Sempre a subir quem vem de costas para o rio, um rápido e furtivo olhar para os degraus da pensão que alojou Ricardo Reis e é deitar as mãos aos joelhos como um ciclista e arranjar força para galgar a calçada que se verticaliza ilusória e ingrata no escorraçar dos sapatos deslizantes, encerada pelos séculos competindo com o eléctrico a bufar na eminência gasta do poder do mais forte.
Com o coração a latejar nas cordas vocais e na testa atinge-se o planalto do Camões.
Como se se tratasse de uma larga travessa de comida que se oferece a um faminto. Que tem de seguir viagem. Que tem de escolher caminho entre caminhos, ora serpenteando entre estreitos de ruas iguais num Bairro Alto onde o rosto é açoitado por lençóis que ondulam em vara-paus e prostitutas de Salazar se identificam para uma tropa apontada a vergonhas ora persignando-se para queimar pecados e logo adiante, purificando ao atirar-se nos olhos sobre Lisboa-colina do Jardim de S.Pedro de Alcântara.

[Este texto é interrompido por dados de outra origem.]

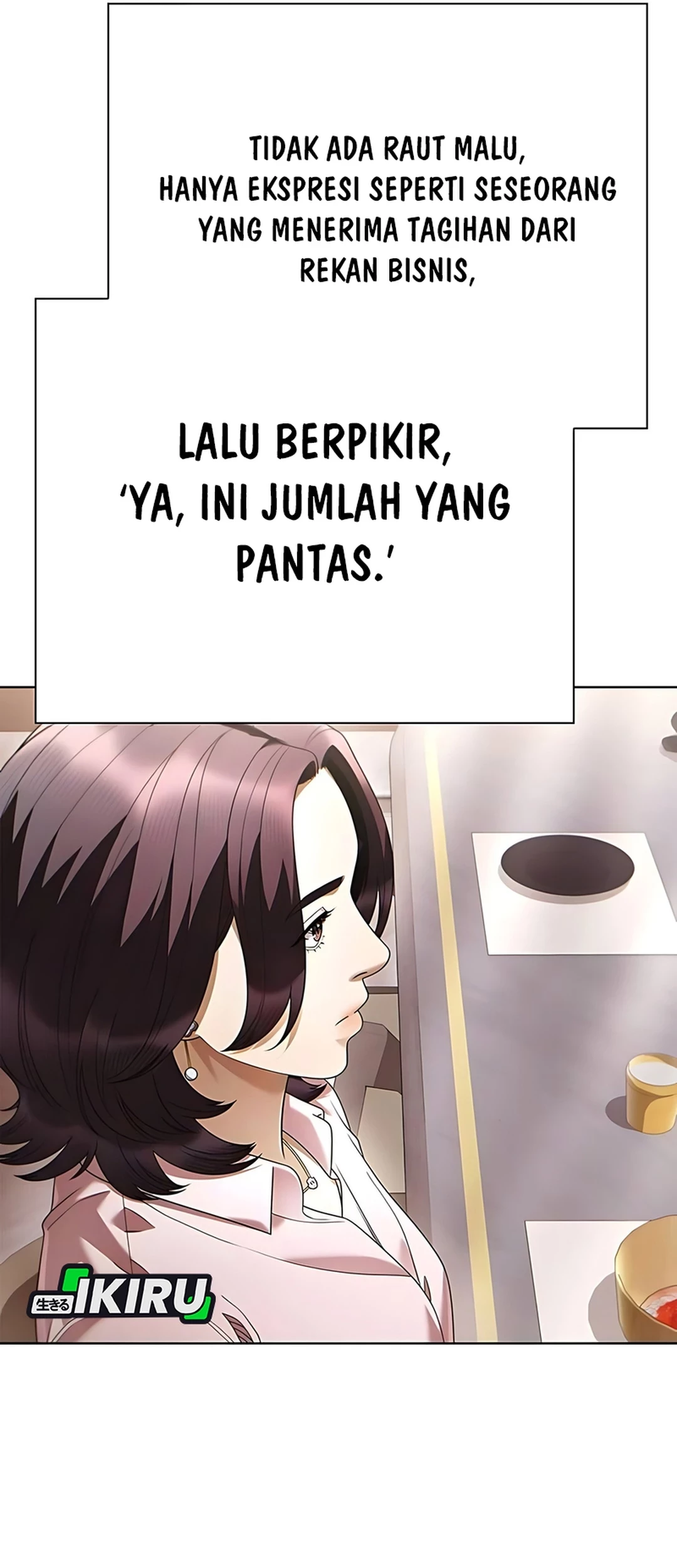 Halaman 82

Mas sempre a subir como um céu que se conquista, uma curva sinuosa que lembra o ângulo de um cotovelo quando ampara a cintura numa dança.
Ao fim de uns passos lentos, a respiração entrecortada pelo ar diferente e o ritmo do colorido negro-branco da calçada como disparos de luz que abrem e fecham as pupilas, sentem-se os tímpanos a enganarem-nos, julgamo-nos iludidos pelo cansaço, o fogo nas pernas consome o discernimento da realidade.

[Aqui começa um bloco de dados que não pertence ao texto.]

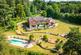 Compton Way, Farnham, Surrey, GU10 photo 2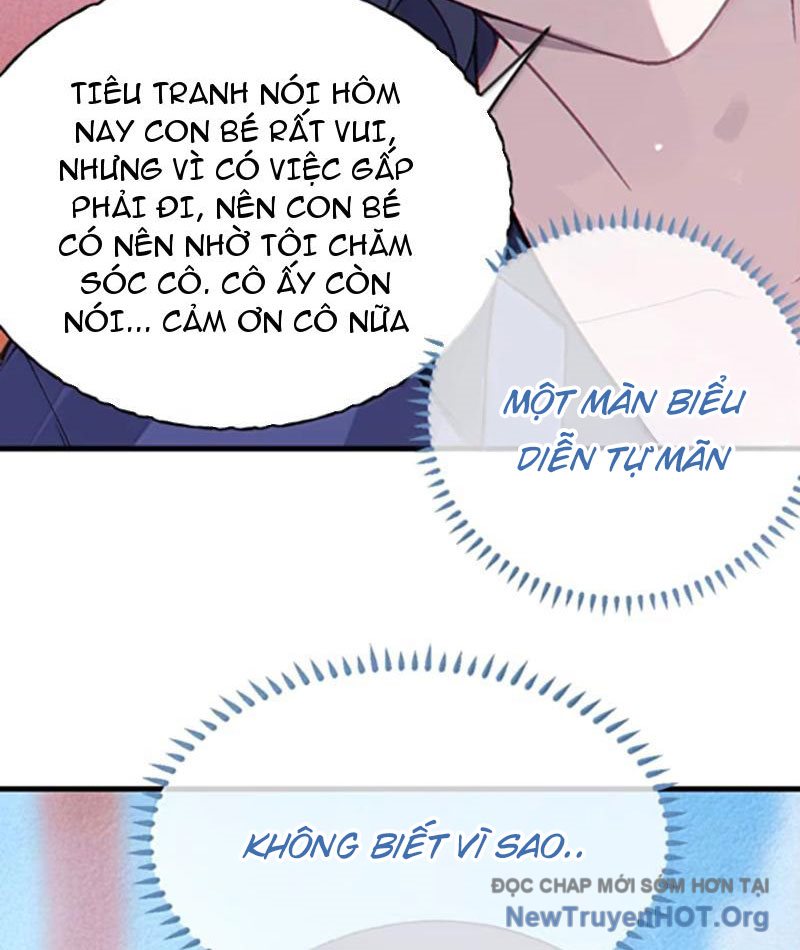 Sau khi ta biến thành quái vật xúc tu, các cô ấy càng điên cuồng hơn! chapter 25 - Trang 80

Há música, instrumentos que desafinam, vozes que afinam e quanto mais se caminha no custo mais se aproximam os sons de uma realidade maravilhosamente perigosa, é o Conservatório.
Estamos no Princípe Real.
Procuro a porta vermelha lacada.
Entro.
Deixo queimar o meu abssinto até me perder no que penso.
Quando saír e fizer a descida a correr até aos Cais do Sodré para agarrar o último cacilheiro que me embala até casa tudo voltará a ter cor e será 2013 novamente. Por agora é só o tempo que eu desejo que seja, é só tempo dos caminhos que escrevo como os conheci nas linhas da mão ou do caderno ou dos dias e noites em que subi e desci ou até como mos contaram, que importa... é um abssinto, que arda e que reste um pouco de açúcar para provar que é verdade.